We don't, in Philadelphia, have a lot of experience with sheep. Or being shepherds. But the people that this was written for did. They knew what sheep were like. Sheep don't do well on their own. I've had just a little experience. When I was in Ecuador, I would watch the little Quichua children take the sheep out every day to the fields, where they would watch over them and then bring them back at night. Sheep need a shepherd. I mean, they need that, they're not very shrewd. They're very vulnerable. They're out there – they're at the mercy of just about anything that comes along. The psalmist in his wisdom understood that, when we get down to it, we're very much like that: vulnerable creatures.
So we may not have a lot of experience with sheep or with shepherds or what that relationship is like, or what it feels like to be a shepherd, to be out in the storm, out in the wilderness where there are wolves around, and to feel that responsibility for these lives that are in your care.
It was just a few days after I knew that we'd be looking at this text on this particular day that I heard an interesting interview on NPR, that I would like to share with you because I think it speaks in an interesting way to this text.
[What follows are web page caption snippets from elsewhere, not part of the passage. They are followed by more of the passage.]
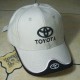 Toyota Cap Kappe Mütze Baseball Fan Accessoire Auto Zubehör Geschenk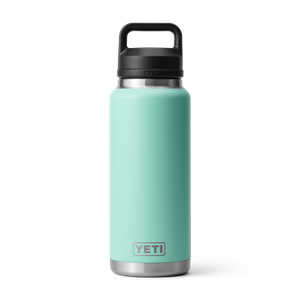 YETI Rambler 26 Oz / 760 ml Bottle Chug (seafoam)
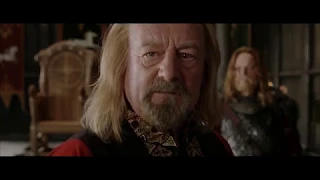 The Lord of the Rings: Return of the King - Gondor Calls For Aid!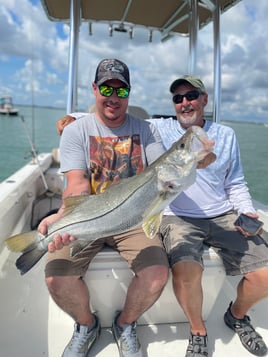 Sebastian Inlet And Coastal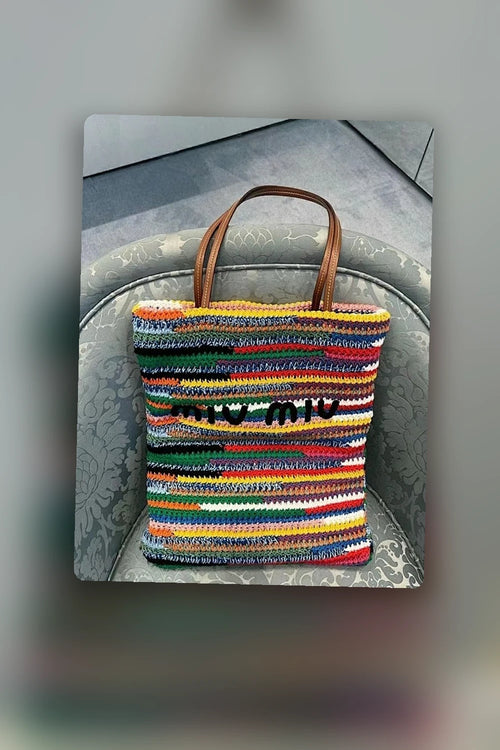 NB - MMU Bag - 529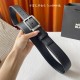 Montblanc Belts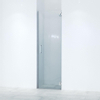 Saniclass Neptune 5000 douchedeur 65x200cm profielloos veiligheidsglas anti kalk chroom SW765 Saniclass Neptune 5000 douchedeur 65x200cm profielloos veiligheidsglas anti kalk chroom SW765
This is on "All Things Considered." It talks about how Washington is addressing the problem of "coyotes". Coyotes are those who smuggle people across the border from Mexico, those who are trying to get to this country to find work to sustain themselves, and usually to sustain their families back home as well.
Washington is addressing the problem of coyotes — human smugglers who are largely responsible for illegal immigration across the Southwest border — with a huge buildup of manpower and equipment to make the border less permeable.
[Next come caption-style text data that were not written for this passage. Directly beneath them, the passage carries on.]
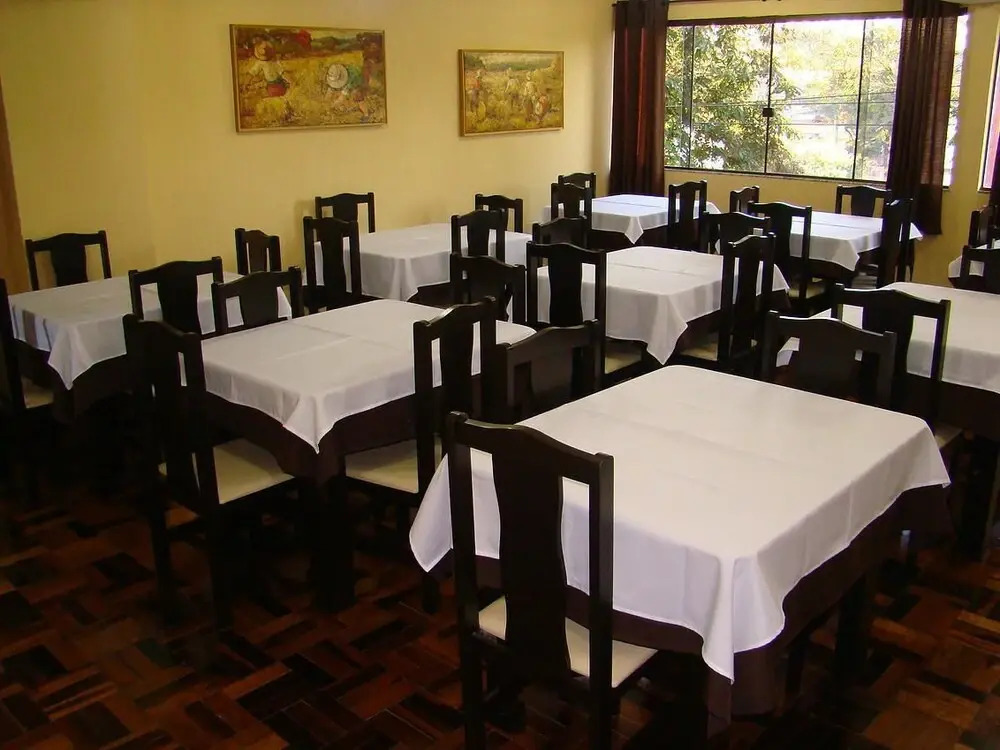 Villa Iguaçu Palace Hotel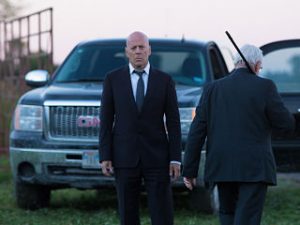 Death Wish, un film d action d Eli Roth avec Bruce Willis au cinema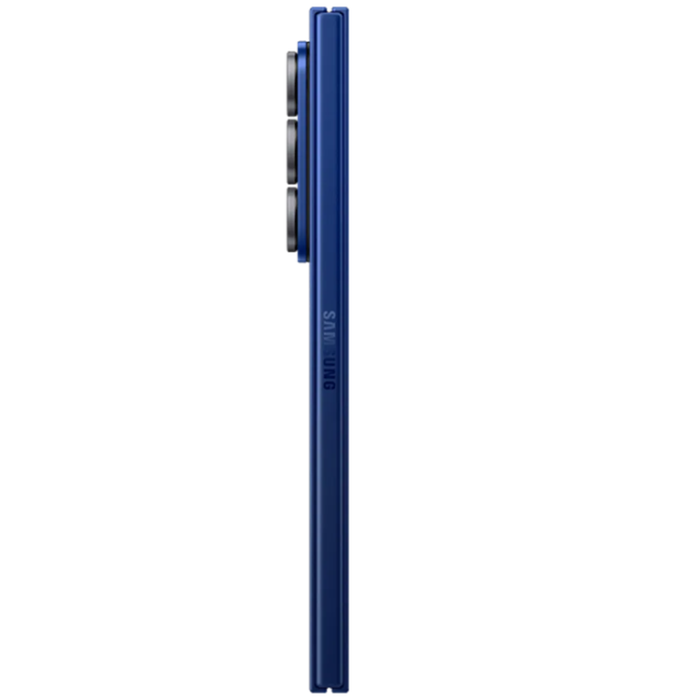 Samsung - Galaxy Z Fold 7 - 12GB RAM - 512GB - Blå Shadow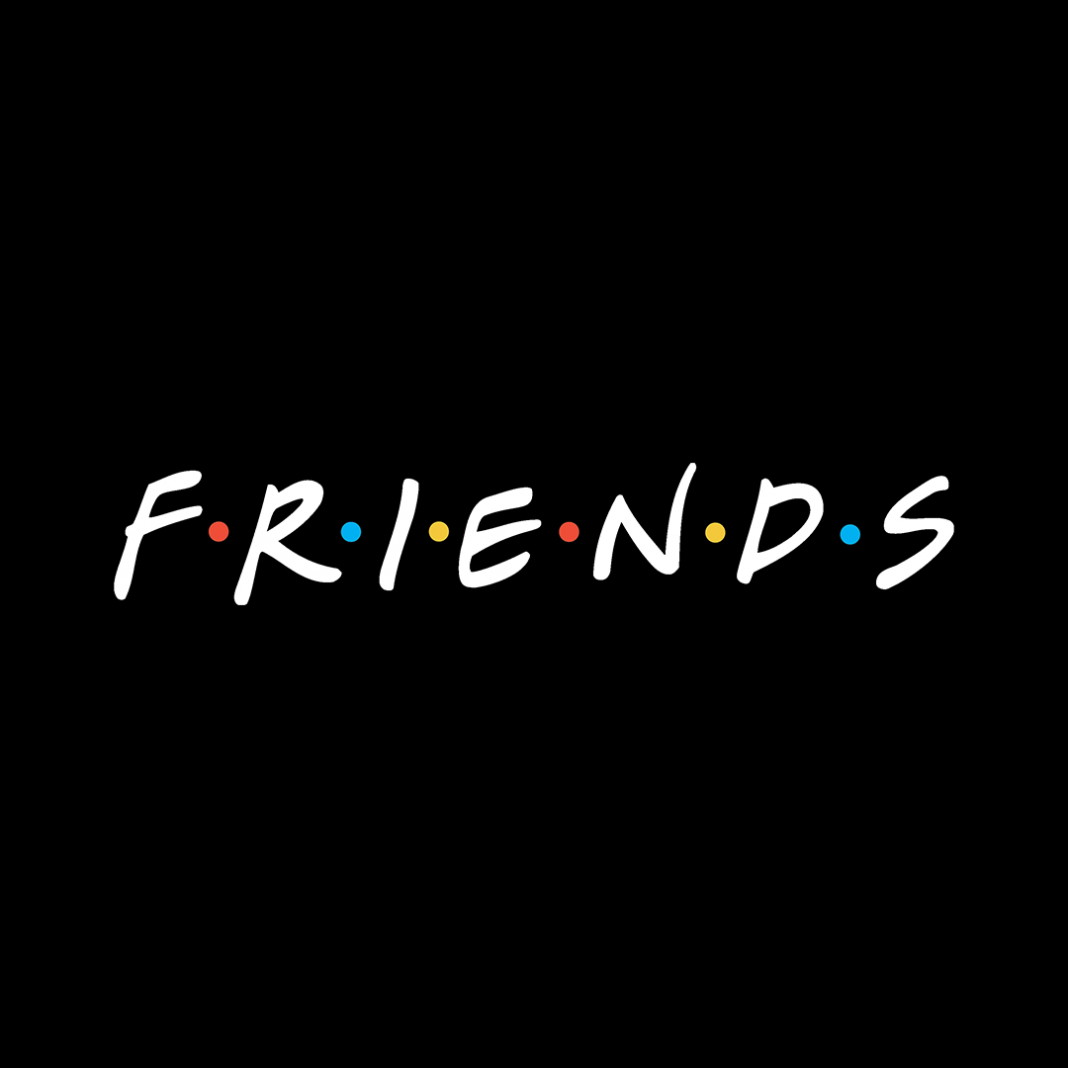 Serialul „Friends" se întoarce în România, pe HBO GO ...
One of those coyotes is "Paula" — 29 years old, divorced, pretty, petite, with a gold-rimmed incisor and penciled eyebrows. She sits after church in the border city of Piedras Negras, across from Eagle Pass, Texas. You wouldn't think that what she does for a living is to guide people through rattlesnake-infested thorn brush country, evading U.S. federal agents.
Paula was described by a reputable source as a "good coyote" — one who takes care of her clients. Most coyotes you hear about in the news are ruthless opportunists who would just as soon leave thirsty, lame immigrants in the desert to die. Paula says she doesn't operate that way...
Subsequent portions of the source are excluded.